Dr. Berent Prakken, MD, Utrecht, falou sobre a patogénese ainda inexplicada da artrite idiopática juvenil (JIA). Suspeita-se de uma combinação de factores genéticos e predisposição ambiental. No entanto, há ainda muitas questões por responder sobre os factores ambientais.
“Existe alguma ligação entre a administração de antibióticos e o início da JIA?” perguntou o orador à audiência. Um estudo de caso-controlo inglês numa grande população pediátrica representativa chega a esta conclusão [1]. Cada curso de antibióticos foi associado a um aumento para o dobro do risco de início de JIA (odds ratio de 2,1; 95% CI 1,2-3,5). Esta correlação era dose-dependente. Não apareceu com medicamentos antifúngicos ou antivirais. Isto significa que as infecções do tracto respiratório superior tratadas com antibióticos foram mais fortemente associadas à JIA do que às infecções não tratadas. Consequentemente, o uso de antibióticos parece desempenhar um papel na patogénese da JIA. Presumivelmente, as alterações no microbioma são responsáveis por isso.

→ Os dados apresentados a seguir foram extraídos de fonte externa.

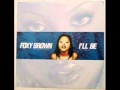 Foxy Brown Ft Jay Z I Ll Be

O sistema imunitário e o ambiente microbiano são relevantes em qualquer caso. Por exemplo, foi demonstrado que uma cesariana aumenta o risco de doenças relacionadas com a função imunológica. O efeito na JIA foi visto principalmente após a secção electiva de cesariana [2]. Outra descoberta nova é que as crianças que têm irmãos têm um risco 54% menor de JIA (OR 0,46; 95% CI 0,28-0,74; p=0,001). Este efeito era também “dose-dependente”: quanto mais irmãos, melhor (com reduções de risco até 75%), e quanto mais jovens os irmãos, melhor [3]. O estudo apoia a hipótese de que as crianças que estão mais expostas a microrganismos em tenra idade (que é o caso dos irmãos) têm menos probabilidades de sofrer de doenças auto-imunes mais tarde.
Quando o sistema imunitário se descontrola
“Os esforços populares de investigação neste momento estão na área de Tregs, que são células T reguladoras que determinam a auto-tolerância do sistema imunitário”, disse o orador. Ilustrou isto com publicações sobre este tema em Pubmed. Nos últimos anos, foram feitos grandes esforços para restaurar o mau funcionamento do equilíbrio imunológico entre células effector T (Teffs) e Tregs nas doenças auto-imunes. No entanto, não ficou claro porque é que a resposta imunitária fica tão fora de controlo no JIA em primeiro lugar, embora se pudesse demonstrar que Tregs está fortemente upregulada no líquido sinovial dos pacientes (em comparação com o sangue periférico). Até agora, a explicação era procurada principalmente nas células CD4+ T helper. Sabe-se que os fenótipos activados destas células podem ser intrinsecamente resistentes à supressão endógena induzida pelo Treg, ou seja, sem a contribuição de outras células, tais como as células que representam antígenos. Este fenótipo é upregulado no líquido sinovial dos pacientes JIA [4].
A investigação actual mostra que a homeostase das células T CD8+ é também perturbada num ponto crucial das doenças auto-imunes. Isto porque um fenótipo resistente (activado) também se encontra especificamente no líquido sinovial dos doentes com AIC e é auto-sustentável, ou seja, não necessariamente dependente da presença de células que representem antígenos ou células T CD4+. Foi também verificado se a capacidade supressora dos Tregs era responsável por isso, o que não foi o caso. Mesmo com Tregs de indivíduos saudáveis ou de sangue periférico, as células T CD8+ permaneceram resistentes à supressão, embora se pudessem observar ligeiras melhorias, razão pela qual não se pode descartar um defeito adicional de funcionamento dos Tregs em JIA.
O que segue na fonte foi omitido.